Provided records:
******************************
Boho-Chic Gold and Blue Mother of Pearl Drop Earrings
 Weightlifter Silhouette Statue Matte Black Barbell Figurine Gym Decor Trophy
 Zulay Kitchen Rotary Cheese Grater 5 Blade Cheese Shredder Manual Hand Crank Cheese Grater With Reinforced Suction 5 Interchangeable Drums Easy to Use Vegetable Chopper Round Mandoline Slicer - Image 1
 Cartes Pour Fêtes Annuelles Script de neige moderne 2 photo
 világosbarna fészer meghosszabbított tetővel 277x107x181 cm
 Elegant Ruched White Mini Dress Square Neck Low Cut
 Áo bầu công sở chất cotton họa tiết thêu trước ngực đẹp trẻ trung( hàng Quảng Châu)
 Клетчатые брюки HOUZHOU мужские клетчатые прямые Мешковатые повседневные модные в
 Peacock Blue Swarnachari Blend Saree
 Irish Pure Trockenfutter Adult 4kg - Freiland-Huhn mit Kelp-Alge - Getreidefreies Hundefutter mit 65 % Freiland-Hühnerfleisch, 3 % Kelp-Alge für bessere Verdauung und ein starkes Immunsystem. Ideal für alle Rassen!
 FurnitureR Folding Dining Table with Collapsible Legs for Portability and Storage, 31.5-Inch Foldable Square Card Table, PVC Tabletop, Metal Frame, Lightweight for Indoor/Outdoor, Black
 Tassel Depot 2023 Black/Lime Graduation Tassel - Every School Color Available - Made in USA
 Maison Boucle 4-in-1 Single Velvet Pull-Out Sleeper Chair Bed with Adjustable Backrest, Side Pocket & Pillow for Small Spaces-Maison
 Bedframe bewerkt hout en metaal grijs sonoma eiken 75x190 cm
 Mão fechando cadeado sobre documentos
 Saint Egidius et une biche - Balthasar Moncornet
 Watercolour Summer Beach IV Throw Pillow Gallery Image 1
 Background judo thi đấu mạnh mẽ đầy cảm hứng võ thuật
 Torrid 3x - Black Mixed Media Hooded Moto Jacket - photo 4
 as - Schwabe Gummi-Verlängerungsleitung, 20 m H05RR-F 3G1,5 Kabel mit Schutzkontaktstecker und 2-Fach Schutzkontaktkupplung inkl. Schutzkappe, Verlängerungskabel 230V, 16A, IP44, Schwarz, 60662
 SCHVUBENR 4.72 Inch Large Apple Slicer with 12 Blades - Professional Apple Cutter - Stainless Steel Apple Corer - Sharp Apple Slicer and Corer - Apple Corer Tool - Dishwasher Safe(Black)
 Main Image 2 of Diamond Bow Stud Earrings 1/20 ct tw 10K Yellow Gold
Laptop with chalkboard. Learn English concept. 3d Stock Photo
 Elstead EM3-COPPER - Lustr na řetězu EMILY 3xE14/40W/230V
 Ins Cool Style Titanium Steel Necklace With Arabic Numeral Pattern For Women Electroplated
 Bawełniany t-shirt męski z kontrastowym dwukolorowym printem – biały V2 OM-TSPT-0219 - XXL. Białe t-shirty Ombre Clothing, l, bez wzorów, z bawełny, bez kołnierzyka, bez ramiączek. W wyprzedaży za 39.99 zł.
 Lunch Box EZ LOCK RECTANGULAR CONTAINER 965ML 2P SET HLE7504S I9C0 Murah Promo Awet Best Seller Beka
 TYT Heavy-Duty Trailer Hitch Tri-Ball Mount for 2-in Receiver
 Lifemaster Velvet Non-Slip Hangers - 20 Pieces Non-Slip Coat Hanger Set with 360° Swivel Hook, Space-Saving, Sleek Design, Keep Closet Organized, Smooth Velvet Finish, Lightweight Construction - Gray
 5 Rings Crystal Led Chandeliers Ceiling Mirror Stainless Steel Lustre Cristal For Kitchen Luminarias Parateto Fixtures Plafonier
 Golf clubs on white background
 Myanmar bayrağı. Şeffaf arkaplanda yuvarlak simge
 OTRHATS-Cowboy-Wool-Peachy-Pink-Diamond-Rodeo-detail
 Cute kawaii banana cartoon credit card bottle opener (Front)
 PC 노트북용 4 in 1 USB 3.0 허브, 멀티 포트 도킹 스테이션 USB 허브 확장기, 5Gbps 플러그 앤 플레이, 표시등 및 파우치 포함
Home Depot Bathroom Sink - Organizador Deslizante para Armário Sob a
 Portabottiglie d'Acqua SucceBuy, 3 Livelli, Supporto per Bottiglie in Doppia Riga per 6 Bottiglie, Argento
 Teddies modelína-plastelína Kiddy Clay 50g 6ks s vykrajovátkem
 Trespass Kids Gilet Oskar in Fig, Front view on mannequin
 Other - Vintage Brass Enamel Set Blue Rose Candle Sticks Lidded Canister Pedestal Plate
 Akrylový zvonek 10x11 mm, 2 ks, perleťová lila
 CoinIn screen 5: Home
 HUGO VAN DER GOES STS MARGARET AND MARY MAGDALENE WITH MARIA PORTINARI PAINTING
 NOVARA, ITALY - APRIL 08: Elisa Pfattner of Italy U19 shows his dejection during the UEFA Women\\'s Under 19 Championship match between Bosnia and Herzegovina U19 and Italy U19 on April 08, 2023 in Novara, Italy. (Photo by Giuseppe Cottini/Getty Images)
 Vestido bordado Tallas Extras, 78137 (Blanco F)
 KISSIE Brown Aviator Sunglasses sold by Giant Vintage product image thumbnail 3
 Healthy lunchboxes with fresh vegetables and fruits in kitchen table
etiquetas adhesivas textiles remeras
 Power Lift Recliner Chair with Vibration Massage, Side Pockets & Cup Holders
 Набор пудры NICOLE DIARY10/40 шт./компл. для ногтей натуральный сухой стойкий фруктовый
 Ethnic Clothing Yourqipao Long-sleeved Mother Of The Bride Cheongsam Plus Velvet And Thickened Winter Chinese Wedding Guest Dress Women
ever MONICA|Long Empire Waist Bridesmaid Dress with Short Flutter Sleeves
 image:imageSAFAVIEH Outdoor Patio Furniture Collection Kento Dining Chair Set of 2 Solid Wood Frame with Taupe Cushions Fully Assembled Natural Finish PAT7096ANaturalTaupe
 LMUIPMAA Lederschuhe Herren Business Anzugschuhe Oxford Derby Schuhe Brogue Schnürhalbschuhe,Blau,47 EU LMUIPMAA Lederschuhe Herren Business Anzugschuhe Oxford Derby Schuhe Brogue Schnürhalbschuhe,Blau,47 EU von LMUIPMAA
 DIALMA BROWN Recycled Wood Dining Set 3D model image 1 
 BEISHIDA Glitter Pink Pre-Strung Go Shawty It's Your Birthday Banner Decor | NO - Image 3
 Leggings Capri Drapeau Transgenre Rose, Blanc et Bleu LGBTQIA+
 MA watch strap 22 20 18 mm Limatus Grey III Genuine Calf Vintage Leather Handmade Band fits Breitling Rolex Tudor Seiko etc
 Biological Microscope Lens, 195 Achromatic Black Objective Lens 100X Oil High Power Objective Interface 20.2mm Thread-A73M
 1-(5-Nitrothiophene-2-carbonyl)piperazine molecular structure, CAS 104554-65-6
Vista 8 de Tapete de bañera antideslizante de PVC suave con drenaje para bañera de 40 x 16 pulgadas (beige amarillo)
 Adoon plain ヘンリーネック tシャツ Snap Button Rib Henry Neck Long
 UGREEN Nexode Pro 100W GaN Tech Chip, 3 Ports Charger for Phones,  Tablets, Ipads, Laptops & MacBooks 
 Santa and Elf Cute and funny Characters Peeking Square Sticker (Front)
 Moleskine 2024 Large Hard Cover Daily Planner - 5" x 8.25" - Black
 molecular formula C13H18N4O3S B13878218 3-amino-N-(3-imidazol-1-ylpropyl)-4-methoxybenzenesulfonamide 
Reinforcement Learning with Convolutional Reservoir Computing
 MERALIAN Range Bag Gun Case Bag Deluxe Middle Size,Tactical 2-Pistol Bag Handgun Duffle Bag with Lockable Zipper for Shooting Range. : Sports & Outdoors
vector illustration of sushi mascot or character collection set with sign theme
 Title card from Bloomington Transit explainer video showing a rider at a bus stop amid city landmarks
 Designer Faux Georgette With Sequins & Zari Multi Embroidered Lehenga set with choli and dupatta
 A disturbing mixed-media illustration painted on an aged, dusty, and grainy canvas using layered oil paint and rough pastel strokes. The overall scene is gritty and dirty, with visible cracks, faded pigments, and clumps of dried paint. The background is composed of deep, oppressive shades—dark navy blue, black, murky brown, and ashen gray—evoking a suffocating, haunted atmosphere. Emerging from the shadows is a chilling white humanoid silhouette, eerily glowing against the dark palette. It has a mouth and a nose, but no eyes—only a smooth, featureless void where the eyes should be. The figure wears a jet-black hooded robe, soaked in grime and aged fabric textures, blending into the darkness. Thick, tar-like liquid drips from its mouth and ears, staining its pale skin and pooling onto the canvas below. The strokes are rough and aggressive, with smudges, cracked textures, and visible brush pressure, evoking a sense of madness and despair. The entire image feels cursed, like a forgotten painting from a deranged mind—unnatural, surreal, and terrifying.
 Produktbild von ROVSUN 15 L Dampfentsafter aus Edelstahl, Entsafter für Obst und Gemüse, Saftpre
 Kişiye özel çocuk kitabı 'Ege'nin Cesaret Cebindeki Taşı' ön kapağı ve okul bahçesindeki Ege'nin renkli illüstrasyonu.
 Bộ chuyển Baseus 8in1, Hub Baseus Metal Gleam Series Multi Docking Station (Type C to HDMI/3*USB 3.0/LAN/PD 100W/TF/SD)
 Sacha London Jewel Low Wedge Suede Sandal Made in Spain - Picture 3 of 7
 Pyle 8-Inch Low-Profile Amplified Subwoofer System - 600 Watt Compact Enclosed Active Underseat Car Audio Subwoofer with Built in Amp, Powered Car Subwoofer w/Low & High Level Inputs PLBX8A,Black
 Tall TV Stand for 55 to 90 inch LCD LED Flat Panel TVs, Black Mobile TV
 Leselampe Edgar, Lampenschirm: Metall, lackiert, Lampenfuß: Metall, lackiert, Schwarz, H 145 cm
******************************
Using the entries above, extract exactly the span from the line with "Ins Cool Style" to the line with "Golf clubs on white background", both lines included; leave out everything else.

 Ins Cool Style Titanium Steel Necklace With Arabic Numeral Pattern For Women Electroplated
 Bawełniany t-shirt męski z kontrastowym dwukolorowym printem – biały V2 OM-TSPT-0219 - XXL. Białe t-shirty Ombre Clothing, l, bez wzorów, z bawełny, bez kołnierzyka, bez ramiączek. W wyprzedaży za 39.99 zł.
 Lunch Box EZ LOCK RECTANGULAR CONTAINER 965ML 2P SET HLE7504S I9C0 Murah Promo Awet Best Seller Beka
 TYT Heavy-Duty Trailer Hitch Tri-Ball Mount for 2-in Receiver
 Lifemaster Velvet Non-Slip Hangers - 20 Pieces Non-Slip Coat Hanger Set with 360° Swivel Hook, Space-Saving, Sleek Design, Keep Closet Organized, Smooth Velvet Finish, Lightweight Construction - Gray
 5 Rings Crystal Led Chandeliers Ceiling Mirror Stainless Steel Lustre Cristal For Kitchen Luminarias Parateto Fixtures Plafonier
 Golf clubs on white background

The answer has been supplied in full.